Unter der Kirche befindet sich eine Höhle, in der Gregor der Erleuchter, die wichtigste Figur der armenischen Kirchengeschichte, vor Gründung der Staatskirche 15 Jahre lang eingemauert gewesen sein soll. Auch diese Höhle haben wir besichtigt. Man steigt eine etwa 8 Meter lange Leiter in einen völlig unbeleuchteten Raum hinab. Von oben hat man einen hervorragenden Blick auf den Ararat, auf das ansteigende Gelände davor und auf die Befestigungsanlagen an der türkischen Grenze. Es ist fast wolkenlos und sehr heiß. Armen zeigt uns, an welcher Seite Noah den Berg verlassen haben soll. Danach ist die armenische Provinz Nachitschevan (= Wiederkommen) benannt. Nachitschevan gehört heute zu Aserbaidschan. Wir trinken eine lauwarme Cola, wie sie an mehreren kleinen Verkaufsständen angeboten wird, für einen Dollar.
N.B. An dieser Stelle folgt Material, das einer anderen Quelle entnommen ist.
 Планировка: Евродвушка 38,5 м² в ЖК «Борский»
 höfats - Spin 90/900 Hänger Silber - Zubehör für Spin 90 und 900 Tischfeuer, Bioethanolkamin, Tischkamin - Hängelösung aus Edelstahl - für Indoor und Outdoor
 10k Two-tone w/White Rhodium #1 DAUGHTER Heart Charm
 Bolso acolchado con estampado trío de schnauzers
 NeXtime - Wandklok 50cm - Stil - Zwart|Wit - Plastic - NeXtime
Nicht weit von hier liegt auch die Stadt Ararat. Der "Verein armenischer Mediziner in Deutschland e.V." unterstützt das dortige Krankenhaus. Weil kein Benzingeld für den Krankenwagen da ist, wurde vor kurzem eine Pferdekutsche angeschafft.

Auf dem Rückweg besuchen wir in dem kleinen Ort Dimitrov Christian Rex, Biobauer aus Salem am Bodensee, der sich vor drei Jahren in Armenien niedergelassen hat. Die armenische Landwirtschaft hat mit großen Problemen zu kämpfen, Nach dem Zusammenbruch des Kommunismus wurde das Land in kleine Flächen aufgeteilt, ein halber bis ein Hektar pro Familie. Deshalb muss die Landwirtschaft sehr intensiv betrieben werden, und entsprechend wird Chemie eingesetzt, außer bei Christian natürlich.
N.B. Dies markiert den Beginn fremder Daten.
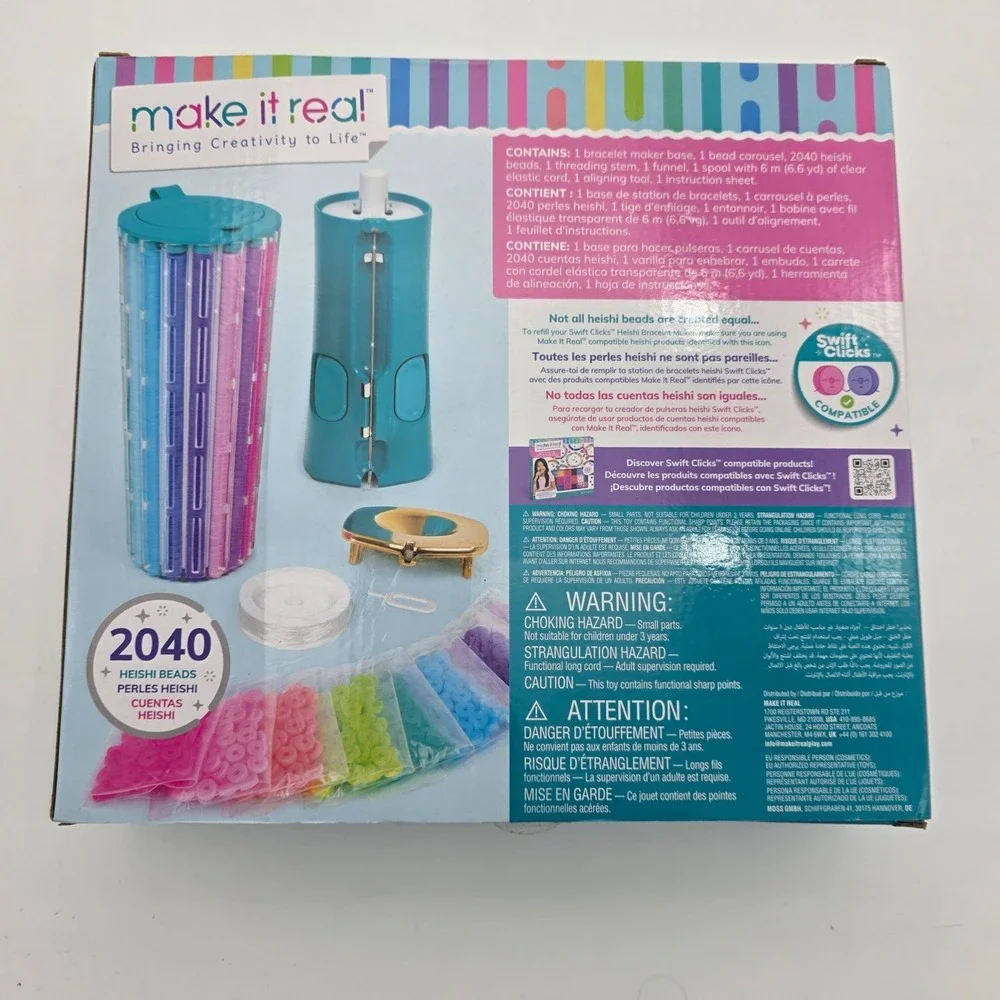 Make It Real: Swift Clicks Heishi Bracelet Maker - DIY Kit, Create 23 Bracelets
Neben der Umstellung von der Planwirtschaft auf die Privatwirtschaft ist die Wasserknappheit ein weiteres Problem der armenischen Landwirtschaft. Fast alles muss bewässert werden, und dazu müssen auch unterirdische Quellen angezapft werden. Der Wasserspiegel des Sevan-Sees, des größten Hochgebirgssees der Welt, ist in den letzten Jahren beträchtlich gesunken, weil zu viel Wasser entnommen wurde. Angebaut wird in Armenien alles mögliche. Der Schwerpunkt liegt auf Gemüse, das mehrmals im Jahr geerntet werden kann. Es gibt auch viel Obst und Wein. Wir bekommen frische Erdbeeren angeboten, und Maulbeeren, grünlichweiße, himbeerähnliche Früchte, die man nur sehr vorsichtig genießen sollte, vor allem nicht zusammen mit Getränken, wie man mir geraten hat, als es schon zu spät war.  Am nächsten Tag hatte ich starken Durchfall.
Milch ist totale Mangelware in Armenien. Die meisten Landwirte halten eine Kuh für den Eigenbedarf, die staatlichen Milchwerke sitzen praktisch auf dem Trockenen. Ein Liter Milch kostet etwa einen Dollar.
Verkauft wurde alles, was nicht niet-und nagelfest war. Hier ein Einmannmarktstand mit Sonnenschirm. Es wird Brot verkauft.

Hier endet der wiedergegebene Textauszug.